Selected to give the “Song of the Year” award, Colbert (who also won a Grammy) called, “… and the nominees are…” began scouring his pockets for what viewers expected would be a finely-cut envelope and turned to cameras asking, “I’m sorry, where’s the list?” Looking to his pockets once more, “Oh I remember… It’s on my iPad… Jay-Z did you now get one of these in your gift bag? Am I cooler than you?” Cameras turned to Colbert’s daughter, who gestured to confirm that he was not. In the press room following the awards, Colbert mentioned that “awesome” as it was, he did not even get to keep his shiny new toy.
After months of hype over Apple’s new reader, the iPad’s reception was actually pretty cold. But why is this? Was it because of the hype itself? There were roomers that it would be flexible (physically). Able to fold in half. That you could turn pages by bending the “book” and flicking the corner as you would a new magazine. That you could thumb through pages without licking the tip of your finger. Business men were speaking of a secret subscription service that would save the news paper industry and not be revealed until the black-turtlenecked Jobs himself pulled up a copy of the New York Times on his company’s newest attempt at multi-media dominance (see iTunes). These are the types of expectations that come with a new Apple product. Shrouded in mystery, suspense and a touch of futurist aesthetic, Apple’s growing army of consumers feed on unpacking their fervent infatuation with their victorious purchase (after buying a new computer from the Apple store, a “Lead Genius’” tells you, “congratulations for purchasing an Apple.” (Disclosure: I write this blog from my Powerbook G4, while listening to my iPod, that uploaded songs from my Time Capsule).
But this time, expectations were not met. And there were a whole host of reasons why people were complaining about the new product, but the following is a concise list of critiques:
* First, the iPad or Apple Tablet built with it’s very poor feature where they included 3G capabilities but you can’t make a call with it..
* Second is that you can’t do two functions or we can call it multi-tasking unlike Windows or PC.
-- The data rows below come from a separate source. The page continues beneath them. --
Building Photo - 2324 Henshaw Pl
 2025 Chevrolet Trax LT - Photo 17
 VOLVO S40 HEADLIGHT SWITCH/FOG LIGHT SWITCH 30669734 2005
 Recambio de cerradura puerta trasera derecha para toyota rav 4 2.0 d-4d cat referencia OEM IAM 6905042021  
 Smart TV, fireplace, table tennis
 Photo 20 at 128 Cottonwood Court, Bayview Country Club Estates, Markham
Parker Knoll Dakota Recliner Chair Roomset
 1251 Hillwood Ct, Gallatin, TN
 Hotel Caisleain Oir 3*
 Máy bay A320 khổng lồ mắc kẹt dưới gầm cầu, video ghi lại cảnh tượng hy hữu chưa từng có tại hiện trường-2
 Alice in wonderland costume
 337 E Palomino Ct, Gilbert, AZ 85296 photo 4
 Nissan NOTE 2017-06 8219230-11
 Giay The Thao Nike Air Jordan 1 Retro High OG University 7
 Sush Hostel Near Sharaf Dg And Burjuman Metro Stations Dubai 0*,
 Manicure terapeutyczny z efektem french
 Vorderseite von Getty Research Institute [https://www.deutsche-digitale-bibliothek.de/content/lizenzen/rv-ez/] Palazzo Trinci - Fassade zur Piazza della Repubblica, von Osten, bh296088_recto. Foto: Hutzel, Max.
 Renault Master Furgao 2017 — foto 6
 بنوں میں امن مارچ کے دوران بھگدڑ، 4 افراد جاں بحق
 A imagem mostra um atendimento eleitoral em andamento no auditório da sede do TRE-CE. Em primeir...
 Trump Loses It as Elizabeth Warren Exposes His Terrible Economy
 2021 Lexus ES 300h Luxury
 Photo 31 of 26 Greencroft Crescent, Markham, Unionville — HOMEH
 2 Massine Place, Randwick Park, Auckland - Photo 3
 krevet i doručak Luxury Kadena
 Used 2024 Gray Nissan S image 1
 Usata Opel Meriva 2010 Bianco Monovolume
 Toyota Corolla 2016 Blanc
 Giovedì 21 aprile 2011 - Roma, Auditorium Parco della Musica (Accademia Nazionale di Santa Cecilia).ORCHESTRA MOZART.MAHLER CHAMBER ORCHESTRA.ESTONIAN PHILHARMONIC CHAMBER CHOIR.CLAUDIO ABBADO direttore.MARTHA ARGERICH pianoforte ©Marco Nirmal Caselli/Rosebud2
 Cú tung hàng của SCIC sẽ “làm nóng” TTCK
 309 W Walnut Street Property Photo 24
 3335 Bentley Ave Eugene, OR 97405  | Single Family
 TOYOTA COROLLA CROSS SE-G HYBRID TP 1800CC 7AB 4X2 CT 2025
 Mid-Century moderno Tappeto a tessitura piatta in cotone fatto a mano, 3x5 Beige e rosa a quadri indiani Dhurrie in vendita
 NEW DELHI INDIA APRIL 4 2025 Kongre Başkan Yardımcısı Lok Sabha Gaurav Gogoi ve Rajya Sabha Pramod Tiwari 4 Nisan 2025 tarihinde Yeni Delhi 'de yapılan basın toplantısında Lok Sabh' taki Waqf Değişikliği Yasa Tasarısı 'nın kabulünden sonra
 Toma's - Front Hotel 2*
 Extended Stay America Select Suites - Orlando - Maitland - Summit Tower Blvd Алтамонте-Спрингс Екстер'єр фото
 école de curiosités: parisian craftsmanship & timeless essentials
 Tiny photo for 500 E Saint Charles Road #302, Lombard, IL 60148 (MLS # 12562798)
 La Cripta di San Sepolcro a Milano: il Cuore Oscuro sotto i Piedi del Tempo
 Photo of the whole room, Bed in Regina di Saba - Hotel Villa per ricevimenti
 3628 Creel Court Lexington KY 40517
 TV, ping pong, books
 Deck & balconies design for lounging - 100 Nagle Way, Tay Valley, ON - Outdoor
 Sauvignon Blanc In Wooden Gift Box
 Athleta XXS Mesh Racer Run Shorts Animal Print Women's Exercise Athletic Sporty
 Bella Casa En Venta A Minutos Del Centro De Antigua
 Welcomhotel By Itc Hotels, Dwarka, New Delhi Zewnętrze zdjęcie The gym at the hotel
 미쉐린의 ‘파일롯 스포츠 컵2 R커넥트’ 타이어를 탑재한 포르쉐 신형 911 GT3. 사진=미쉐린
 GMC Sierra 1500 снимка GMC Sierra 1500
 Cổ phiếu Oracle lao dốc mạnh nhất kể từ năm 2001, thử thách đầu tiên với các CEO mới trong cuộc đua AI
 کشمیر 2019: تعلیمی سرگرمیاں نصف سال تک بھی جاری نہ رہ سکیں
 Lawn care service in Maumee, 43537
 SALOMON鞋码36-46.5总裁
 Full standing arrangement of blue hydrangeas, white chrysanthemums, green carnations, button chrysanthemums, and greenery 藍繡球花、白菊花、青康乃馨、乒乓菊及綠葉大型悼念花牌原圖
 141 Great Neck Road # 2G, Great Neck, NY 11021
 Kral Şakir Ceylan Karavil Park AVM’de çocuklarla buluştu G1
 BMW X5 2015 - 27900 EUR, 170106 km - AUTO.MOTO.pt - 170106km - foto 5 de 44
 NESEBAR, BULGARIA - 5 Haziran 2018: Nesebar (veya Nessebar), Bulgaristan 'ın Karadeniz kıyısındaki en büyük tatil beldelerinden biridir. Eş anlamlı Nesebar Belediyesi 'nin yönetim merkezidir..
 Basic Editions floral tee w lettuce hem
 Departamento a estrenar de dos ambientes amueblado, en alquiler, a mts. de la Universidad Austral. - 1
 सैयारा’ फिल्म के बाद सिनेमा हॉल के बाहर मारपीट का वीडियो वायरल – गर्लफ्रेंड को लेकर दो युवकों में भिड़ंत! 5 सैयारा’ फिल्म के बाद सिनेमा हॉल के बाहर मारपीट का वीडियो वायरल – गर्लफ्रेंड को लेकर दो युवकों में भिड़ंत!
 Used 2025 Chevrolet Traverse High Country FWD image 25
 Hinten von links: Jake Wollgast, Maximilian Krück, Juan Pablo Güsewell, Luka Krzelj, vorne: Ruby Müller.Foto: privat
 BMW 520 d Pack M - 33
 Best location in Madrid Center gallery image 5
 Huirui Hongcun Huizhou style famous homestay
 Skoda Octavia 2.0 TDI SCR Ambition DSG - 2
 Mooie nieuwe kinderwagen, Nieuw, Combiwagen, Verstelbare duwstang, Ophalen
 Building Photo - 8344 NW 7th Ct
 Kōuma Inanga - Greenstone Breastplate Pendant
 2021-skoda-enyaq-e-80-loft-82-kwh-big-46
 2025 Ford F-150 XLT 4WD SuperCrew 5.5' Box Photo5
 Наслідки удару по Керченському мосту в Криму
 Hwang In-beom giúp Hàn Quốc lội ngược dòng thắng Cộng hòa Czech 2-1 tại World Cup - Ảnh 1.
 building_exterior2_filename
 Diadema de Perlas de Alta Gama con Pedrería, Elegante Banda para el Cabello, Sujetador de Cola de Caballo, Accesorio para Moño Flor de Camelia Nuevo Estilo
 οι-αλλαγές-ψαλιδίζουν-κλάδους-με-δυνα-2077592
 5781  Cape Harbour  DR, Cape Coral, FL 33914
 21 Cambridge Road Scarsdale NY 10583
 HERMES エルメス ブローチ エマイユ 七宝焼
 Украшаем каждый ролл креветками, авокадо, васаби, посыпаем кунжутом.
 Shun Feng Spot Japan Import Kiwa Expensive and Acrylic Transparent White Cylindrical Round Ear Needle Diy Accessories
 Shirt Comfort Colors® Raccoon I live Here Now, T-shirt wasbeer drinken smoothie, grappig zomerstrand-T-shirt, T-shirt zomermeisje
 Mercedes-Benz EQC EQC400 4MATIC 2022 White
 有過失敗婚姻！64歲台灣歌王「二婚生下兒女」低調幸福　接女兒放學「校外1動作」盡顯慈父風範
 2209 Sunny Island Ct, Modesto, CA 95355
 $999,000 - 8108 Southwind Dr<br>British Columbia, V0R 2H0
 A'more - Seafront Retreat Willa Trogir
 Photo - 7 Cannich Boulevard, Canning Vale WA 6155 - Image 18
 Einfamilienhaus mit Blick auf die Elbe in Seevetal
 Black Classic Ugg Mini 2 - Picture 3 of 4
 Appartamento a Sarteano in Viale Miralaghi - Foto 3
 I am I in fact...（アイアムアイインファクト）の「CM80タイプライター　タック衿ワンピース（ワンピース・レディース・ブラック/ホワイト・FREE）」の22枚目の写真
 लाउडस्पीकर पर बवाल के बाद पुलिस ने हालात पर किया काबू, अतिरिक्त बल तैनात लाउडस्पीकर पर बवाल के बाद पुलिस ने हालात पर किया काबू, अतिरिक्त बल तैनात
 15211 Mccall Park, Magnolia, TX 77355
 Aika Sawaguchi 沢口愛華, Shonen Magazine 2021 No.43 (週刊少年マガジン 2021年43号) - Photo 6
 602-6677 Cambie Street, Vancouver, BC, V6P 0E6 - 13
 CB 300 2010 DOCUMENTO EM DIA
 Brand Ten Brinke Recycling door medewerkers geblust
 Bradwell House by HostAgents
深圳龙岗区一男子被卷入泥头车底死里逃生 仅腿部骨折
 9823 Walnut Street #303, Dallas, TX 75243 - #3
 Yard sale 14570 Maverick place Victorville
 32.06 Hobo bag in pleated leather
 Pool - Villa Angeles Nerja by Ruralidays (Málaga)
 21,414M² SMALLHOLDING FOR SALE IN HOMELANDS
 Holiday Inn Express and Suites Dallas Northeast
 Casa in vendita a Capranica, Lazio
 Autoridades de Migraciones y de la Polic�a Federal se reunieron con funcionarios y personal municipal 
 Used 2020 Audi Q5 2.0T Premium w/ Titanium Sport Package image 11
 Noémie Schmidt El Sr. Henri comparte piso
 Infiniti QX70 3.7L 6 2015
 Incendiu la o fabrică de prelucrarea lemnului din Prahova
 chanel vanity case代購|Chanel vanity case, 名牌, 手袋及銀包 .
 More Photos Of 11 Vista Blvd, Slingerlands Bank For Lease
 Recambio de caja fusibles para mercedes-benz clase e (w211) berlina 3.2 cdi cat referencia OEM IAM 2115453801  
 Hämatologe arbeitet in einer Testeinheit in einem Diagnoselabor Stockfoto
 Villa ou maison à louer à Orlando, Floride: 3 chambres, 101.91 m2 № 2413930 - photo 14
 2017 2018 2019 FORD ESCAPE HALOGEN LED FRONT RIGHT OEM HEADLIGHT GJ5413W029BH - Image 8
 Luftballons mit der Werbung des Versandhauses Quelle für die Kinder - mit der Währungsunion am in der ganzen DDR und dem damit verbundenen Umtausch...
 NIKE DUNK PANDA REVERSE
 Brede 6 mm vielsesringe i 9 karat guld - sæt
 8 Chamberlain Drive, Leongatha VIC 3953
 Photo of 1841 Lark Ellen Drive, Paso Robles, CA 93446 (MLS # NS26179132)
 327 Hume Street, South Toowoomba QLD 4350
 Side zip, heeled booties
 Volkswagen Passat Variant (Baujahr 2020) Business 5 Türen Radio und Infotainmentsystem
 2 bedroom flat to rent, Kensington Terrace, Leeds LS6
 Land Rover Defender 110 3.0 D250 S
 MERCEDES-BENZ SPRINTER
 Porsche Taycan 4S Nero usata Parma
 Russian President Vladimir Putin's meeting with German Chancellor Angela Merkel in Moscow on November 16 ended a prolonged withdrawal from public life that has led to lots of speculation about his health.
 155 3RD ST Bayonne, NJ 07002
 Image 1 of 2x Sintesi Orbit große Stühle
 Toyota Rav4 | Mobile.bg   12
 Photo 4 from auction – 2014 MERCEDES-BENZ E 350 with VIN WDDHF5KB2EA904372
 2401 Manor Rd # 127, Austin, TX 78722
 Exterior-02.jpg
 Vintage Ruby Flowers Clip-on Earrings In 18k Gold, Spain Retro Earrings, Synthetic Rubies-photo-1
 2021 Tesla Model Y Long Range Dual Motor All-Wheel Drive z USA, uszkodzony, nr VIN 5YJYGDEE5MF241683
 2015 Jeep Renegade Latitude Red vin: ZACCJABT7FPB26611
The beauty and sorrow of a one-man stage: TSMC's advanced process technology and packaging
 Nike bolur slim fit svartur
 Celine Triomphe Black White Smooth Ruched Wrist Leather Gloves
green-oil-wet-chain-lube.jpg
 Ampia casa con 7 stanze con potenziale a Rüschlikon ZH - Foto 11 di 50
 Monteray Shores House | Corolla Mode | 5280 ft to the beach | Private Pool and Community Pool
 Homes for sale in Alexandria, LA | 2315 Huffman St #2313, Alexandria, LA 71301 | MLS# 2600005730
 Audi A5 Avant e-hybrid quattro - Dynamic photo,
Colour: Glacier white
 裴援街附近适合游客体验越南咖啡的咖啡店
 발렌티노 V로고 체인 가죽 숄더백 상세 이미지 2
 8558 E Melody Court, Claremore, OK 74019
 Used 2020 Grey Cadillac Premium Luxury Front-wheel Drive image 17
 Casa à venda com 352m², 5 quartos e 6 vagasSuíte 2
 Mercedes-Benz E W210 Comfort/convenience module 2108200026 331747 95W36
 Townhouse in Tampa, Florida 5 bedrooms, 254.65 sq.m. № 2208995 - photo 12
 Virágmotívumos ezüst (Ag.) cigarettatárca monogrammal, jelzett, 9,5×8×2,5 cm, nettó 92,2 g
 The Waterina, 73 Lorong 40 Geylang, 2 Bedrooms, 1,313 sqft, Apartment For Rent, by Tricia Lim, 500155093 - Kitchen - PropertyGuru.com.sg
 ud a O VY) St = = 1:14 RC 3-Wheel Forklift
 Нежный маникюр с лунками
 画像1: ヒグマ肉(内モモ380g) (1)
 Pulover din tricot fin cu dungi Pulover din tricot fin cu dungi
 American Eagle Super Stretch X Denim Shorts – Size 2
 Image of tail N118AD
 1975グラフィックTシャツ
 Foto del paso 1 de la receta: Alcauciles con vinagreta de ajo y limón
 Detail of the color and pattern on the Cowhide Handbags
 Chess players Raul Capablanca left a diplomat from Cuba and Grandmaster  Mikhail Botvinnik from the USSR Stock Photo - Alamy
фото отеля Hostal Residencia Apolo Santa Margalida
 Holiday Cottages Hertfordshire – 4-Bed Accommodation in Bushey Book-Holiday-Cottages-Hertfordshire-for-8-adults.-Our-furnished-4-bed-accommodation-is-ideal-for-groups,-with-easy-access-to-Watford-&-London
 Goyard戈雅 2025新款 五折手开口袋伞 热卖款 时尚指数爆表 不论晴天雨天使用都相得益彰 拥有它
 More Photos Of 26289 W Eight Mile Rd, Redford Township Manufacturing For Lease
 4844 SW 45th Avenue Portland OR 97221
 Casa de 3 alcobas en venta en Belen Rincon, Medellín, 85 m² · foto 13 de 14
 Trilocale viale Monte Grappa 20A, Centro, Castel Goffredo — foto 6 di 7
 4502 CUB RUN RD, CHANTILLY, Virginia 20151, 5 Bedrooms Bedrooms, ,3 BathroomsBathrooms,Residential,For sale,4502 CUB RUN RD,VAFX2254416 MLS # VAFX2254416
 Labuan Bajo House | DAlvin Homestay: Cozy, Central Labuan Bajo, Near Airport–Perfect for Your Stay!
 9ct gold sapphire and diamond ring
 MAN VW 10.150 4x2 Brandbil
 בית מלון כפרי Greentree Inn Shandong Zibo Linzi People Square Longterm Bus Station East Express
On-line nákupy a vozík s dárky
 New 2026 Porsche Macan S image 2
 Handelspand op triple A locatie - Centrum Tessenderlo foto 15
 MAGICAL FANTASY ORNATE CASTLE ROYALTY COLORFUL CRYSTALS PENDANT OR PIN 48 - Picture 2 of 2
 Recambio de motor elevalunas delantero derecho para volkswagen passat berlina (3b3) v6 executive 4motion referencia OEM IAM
* Third is that Apple iPad doesn’t support a flash or SWF files meaning you can’t play flash games and of course some applications requires Flash it means that you can’t run them on iPad.
* Fourth is that the Apple iPad is just a big iPhone or let’s say it’s a Steroid iPhone.
This last one is the most common. Why buy the iPad when the iPhone has so many similar functions and is nearly a quarter the size?
While the iPad phenomenon may simply be another case of a product that doesn’t quite fulfill expectations, it may also say something about the nature of creativity and expectations as information is exchanged over the tech-rumor mills of the internet. Is it possible that with such easy access to broad speculation, and without any legitimate confirmation of speculation that we are inevitably discouraging ourselves before products even hit the shelves? Are expectations of creativity so high, that something (whether it be an electronic device, a movie, painting, etc) must be so prolific that it “blows us away?” Has unfathomable exceptionally become a standard for what our culture, internet culture, deems “creative,” while sub-exceptionalism has been rendered mediocre? Does excessive sensationalism through image across all forms of media dulled our sense of exceptional creativity? Exceptional violence? Exceptional beauty? By such standards, it does seem that something need be, in fact, surreal in order to be more relevant and celebrated in reality (Baudrillard).
Lastly, and on an almost unrelated note, I find it worth mentioning that in his sixth decade of making music, Neil Young won his first Grammy. After all these years, and countless canonical recordings, its astounding that he hadn’t won one until now. There is also something poetic here: the latest 21st century gadget sharing the stage with a songwriter whose music embodies the natural acoustics of the American landscape and the growl of 20th century American machinery (Young himself is an antique car collector, many of which, he has converted to run on vegetable oil).